* **Work required**
Below are some records; output exactly the lines from the line with "New 2024 Ford" to the line with "Dark Graphite Metallic", both ends kept, and nothing more.

* **Input**
══════════════════════════════

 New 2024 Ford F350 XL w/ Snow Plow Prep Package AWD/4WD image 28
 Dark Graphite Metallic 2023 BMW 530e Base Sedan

══════════════════════════════

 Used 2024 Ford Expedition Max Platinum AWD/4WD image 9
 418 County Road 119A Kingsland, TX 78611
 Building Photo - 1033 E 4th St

══════════════════════════════

* **Task result**
 New 2024 Ford F350 XL w/ Snow Plow Prep Package AWD/4WD image 28
 Dark Graphite Metallic 2023 BMW 530e Base Sedan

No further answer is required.